DATASET SECTION: Begin
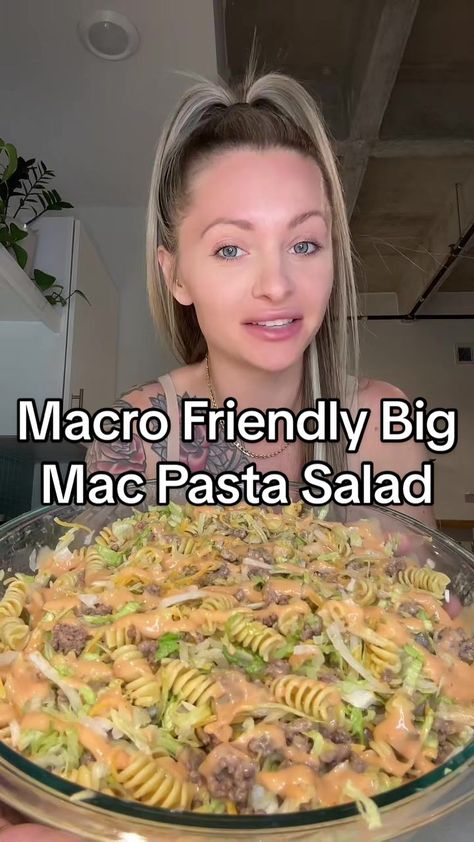 Low Cal High Protein Pasta Salad, Big Mac Pasta Salad Recipe, Macro Friendly Pasta Salad, Macro Friendly Pasta, Low Fat Pasta Salad, Big Mac Pasta Salad, Mac Pasta Salad, Big Mac Pasta, Low Calorie Pasta Salad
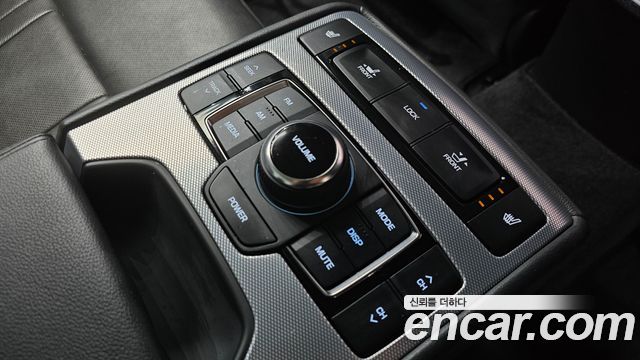 Genesis G80 2018 — photo 18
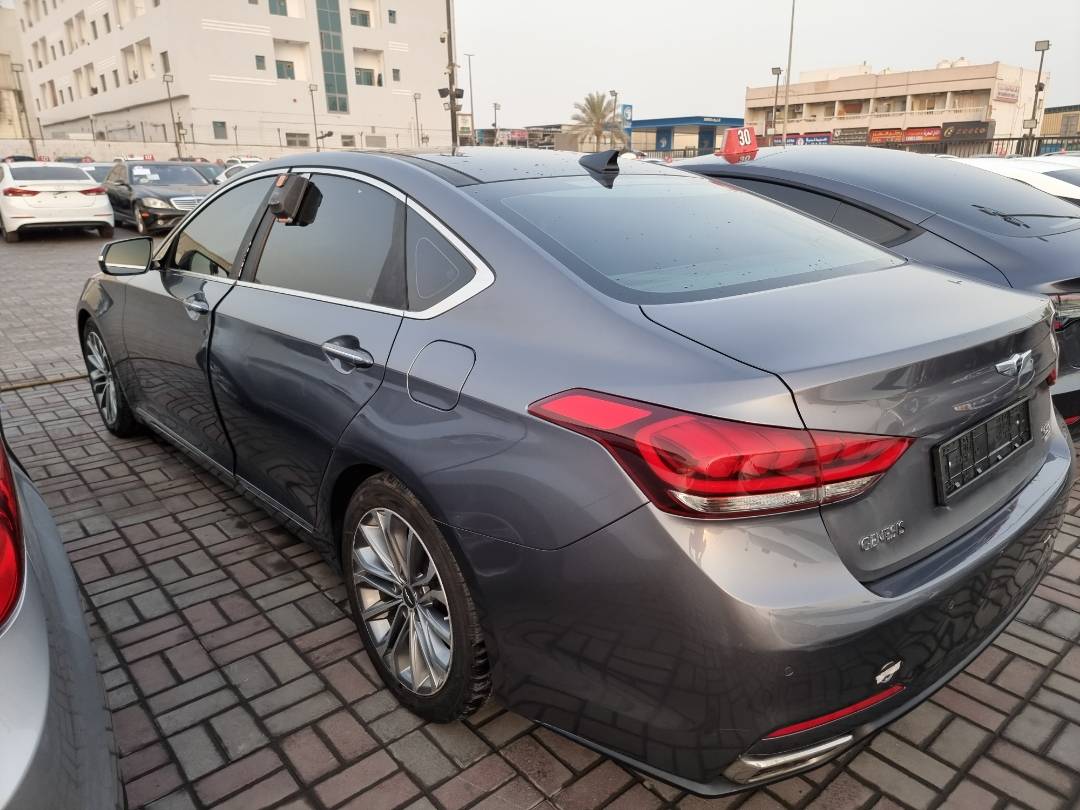 2014 HYUNDAI GENESIS — 157666 KM — Lot 215478 — Ind. 12 - Marhaba Auctions Used Cars - Image 4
DATASET SECTION: End
→ EXERCISE DIRECTIONS: Please write out, exactly, every line from the line with "Genesis G80 2018 — photo 18" through the final line of the data above, leaving out pictures.

→ ANSWER:
 Genesis G80 2018 — photo 18
 2014 HYUNDAI GENESIS — 157666 KM — Lot 215478 — Ind. 12 - Marhaba Auctions Used Cars - Image 4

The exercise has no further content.